Les élections européennes de 2024 en Suède peuvent partiellement s’analyser comme un jugement sur l’exécutif en place depuis septembre 2022. La baisse de participation (53,39% contre 55,2% en 2019) est singulière dans un contexte de scrutin facilité par un vote en avance (förtidsrösta) ouvert dès le 22 mai dans les bibliothèques ou les supermarchés.
Première surprise : l’extrême droite (Démocrates Suédois) qui avait dominé les législatives de 2022 recule à 13,17%, perdant deux points par rapport aux européennes de 2019. Deuxième surprise : les Libéraux et des Chrétiens-Démocrates, partenaires de la coalition informelle des droites (soutien sans participation ministérielle des Démocrates Suédois au Premier Ministre Kristersson) se maintiennent au-dessus de la barre des 4% nécessaires pour obtenir un député européen, échappant à la sanction annoncée par les médias suédois, même si le choc est sévère pour les Chrétiens-Démocrates qui perdent 2,9 points d’un scrutin européen à l’autre, et un eurodéputé, un membre en moins pour le groupe PPE. A l’inverse, le parti du Centre, qui s’était distingué en refusant d’intégrer un exécutif soutenu par l’extrême droite, ne tire aucun profit de cette position morale, puisqu’il n’atteint que 7,2%, en recul de trois points par rapport aux dernières européennes.
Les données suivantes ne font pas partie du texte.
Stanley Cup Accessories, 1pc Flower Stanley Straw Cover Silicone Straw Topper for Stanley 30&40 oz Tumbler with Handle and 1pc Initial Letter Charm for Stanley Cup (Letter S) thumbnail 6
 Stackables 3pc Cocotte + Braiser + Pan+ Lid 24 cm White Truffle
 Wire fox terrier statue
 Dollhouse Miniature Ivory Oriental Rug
Plus surprenant, les Écologistes bénéficient de leur situation dans l’opposition avec 13,85% des suffrages. Les Libéraux sauvent leur siège et préservent ainsi les intérêts du groupe Renew du Parlement Européen.
D’après un sondage sorti des urnes de la télévision publique (SVT), les jeunes de 18-29 ans auraient voté 4 points de plus pour la Gauche (gauche radicale) et 8 points de plus pour les Écologistes que les plus de 65 ans…. Mais 11 points de moins pour les Sociaux-Démocrates, ce qui interroge sur le renouvellement générationnel de la social-démocratie scandinave. Ainsi la ville très étudiante de Lund a octroyé 22% des suffrages aux écologistes contre 19% aux sociaux-démocrates. Le rebond de la Gauche peut aussi s’analyser comme une réaction à l’entrée de la Suède dans l’OTAN, ce parti étant un des derniers à soutenir la neutralité historique du royaume. Une même dynamique a eu lieu le 9 juin en Finlande où l’Alliance de Gauche, dernier parti opposé à l’adhésion du pays à l’alliance militaire, a dépassé les Sociaux-Démocrates dans le scrutin.
L’équilibre politique précaire issu des législatives de 2022 persiste. La Suède reste gouvernée par un parti de centre droit, les Modérés, qui réunissent toujours moins d’un électeur sur cinq (17,53% le 9 juin, 19,1% il y a deux ans) : ils ont fini troisième des dernières législatives et deuxième le 9 juin, sept points derrière les sociaux-démocrates, et n’occupent la première place dans aucune région, étant même battu dans celle de Stockholm par les Sociaux-Démocrates. Ce parti n’est en tête dans aucune catégorie sociale hormis les chefs d’entreprise et les agriculteurs. Les Sociaux-Démocrates, eux, sont en tête chez les hommes et les plus de 65 ans (30% des voix, ce qui est singulier pour un parti de centre-gauche en Europe). Le Premier ministre de centre droit, Ulf Kristersson, n’a pas réussi à convaincre. De leur côté, les trois partis de gauche dépassent les 49% et incarnent une certaine dynamique mais sans constituer pour le moment une coalition d’alternative, tant les sujets de défense ne sont pas encore réglés entre eux (les Sociaux-Démocrates sont devenus atlantistes et la gauche radicale défend encore la neutralité), tout comme l’énergie : quel choix faire face au retour du nucléaire prôné par la coalition des droites, ce qui demeure un tabou pour les écologistes ?
Les Sociaux-Démocrates restent le parti le plus populaire du pays mais de façon contrastée, avec des scores très importants dans des régions septentrionales moins peuplées, une concurrence de l’extrême-droite dans le sud du pays (même si le parti bat nettement les Démocrates Suédois dans le Blekinge et en Scanie) et la progression des mouvements plus à gauche dans les villes étudiantes. Les Sociaux-Démocrates se trouvent dans la situation étrange d’un « premier parti pour rien » : clairement populaire et consensuel, proche des syndicats et de l’électorat plus âgé, ils obtiennent des scores dans les classes populaires qu’envierait le centre-gauche de bien des États-membres de l’UE mais sans possibilité de gouverner, faute d’alliés assez forts auprès de lui.